1. Field of the Invention
The technology disclosed relates to a controller and a control method for a motorised vehicle, and in particular to a controller for a motorised vehicle having at least a left wheel and a right wheel, the left wheel and the right wheel being driven independently by a motor arrangement. In accordance with such motorised vehicles, turning of the vehicle is typically effected by driving the left wheel and the right wheel at different speeds. A typical example of such a motorised vehicle is an electric wheelchair.
2. Description of the Prior Art
Conventional electric wheelchairs have at least a left wheel and a right wheel which are driven independently by a motor arrangement. Whilst the motor arrangement used to drive the wheels may comprise a single motor with independent couplings between the motor and the wheels to effect independent drive of those wheels, it is more common that each driven wheel is driven by an independent motor. Often the electric wheelchair will include two or more castors which rotate to follow the direction of travel, and optionally a number of further fixed wheels may be provided. The speed and direction of each driven wheel defines a linear forward/reverse speed and turning (spin) rate of the wheelchair.
A typical input control interface for an electric wheelchair provides a joystick having two control axes, one to control the forward/reverse speed and one to control the turn rate (or spin speed). However, it will be appreciated that a joystick is not a requirement, and many other types of input control interface have been developed to allow control by users with a variety of different disabilities, for example, head control based mechanisms, sip puff based mechanisms and so on.
In providing the user of an electric wheelchair with control over its speed and spin, it is nonetheless common to impose certain limits on combinations of speed and spin which the user can request. This is done essentially for safety reasons, because for example a maximum spin speed (with the left and right wheel being driven in opposite directions) may be simply requested when the wheelchair is stationary (to thus pivot on the spot), but such a sharp turn would be dangerous if requested when the wheelchair is already travelling with substantial linear speed, in the worst case scenario causing the wheelchair to overturn. It is therefore known to impose “gate shaping” on the control interface, which typically allows a greater degree of spin to be requested in combination with low linear speeds, whilst limiting more restrictively the spin that may be requested in combination with high linear speeds.
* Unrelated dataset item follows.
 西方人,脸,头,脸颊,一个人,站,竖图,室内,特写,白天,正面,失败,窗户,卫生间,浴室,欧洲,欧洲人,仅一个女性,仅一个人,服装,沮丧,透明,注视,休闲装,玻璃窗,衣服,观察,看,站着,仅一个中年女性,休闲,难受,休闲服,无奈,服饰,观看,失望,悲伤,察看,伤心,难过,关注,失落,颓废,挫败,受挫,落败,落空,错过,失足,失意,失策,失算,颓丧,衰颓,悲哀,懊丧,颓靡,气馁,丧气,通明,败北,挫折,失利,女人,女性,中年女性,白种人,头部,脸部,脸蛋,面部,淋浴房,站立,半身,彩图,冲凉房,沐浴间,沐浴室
Such gate shaping is typically implemented by means of an algorithm which transforms signals from the user's control interface into signals which control the motors of the wheelchair.
Even without entering a regime where the wheelchair is liable to tip over, management of the speed and spin of the wheelchair is still necessary because of the effect that certain combinations of speed and spin can have on the traction of each wheel during a turn. A loss of fraction of one wheel can have undesirable consequences for the handling of the wheelchair when making a turn. One reason why traction may be lost is the centripetal force acting on the wheelchair during a turn, which will tend to lift the inside wheel thus reducing its traction. This problem is worse with front wheel drive wheelchairs since the inside wheel is the high torque wheel and is thus more likely to lose traction. If a significant degree of transaction is lost on the inside wheel, then the wheelchair may be liable to spin out of control into the turn. Even without such drastic lost of control, even a smaller loss of traction may cause handling difficulties for the user of the wheelchair, since the turn radius which the wheelchair follows will not correspond to that requested by the operation of the user controls.
Conventional gate shaping approaches to this problem can certainly prevent the wheelchair from overturning, but nevertheless suffer from problems in the handling characteristics of the wheelchair due to the imposed limits on the relative speed and spin affecting the smooth steering feel of the wheelchair, and have led to the overly severe inhibiting of the spin speed in certain joystick demand regions.
Some background technological information to the technology disclosed can be found in the “enAble40 Powerchair Control System” manual produced by Curtis Instruments, Inc. of New York, USA; in U.S. Pat. Nos. 5,033,000 and 5,307,888; and in US Patent Application Publication 2010/0007299 A1.
It would be desirable to provide an improved technique for controlling motorised vehicles which would alleviate the above-discussed problems.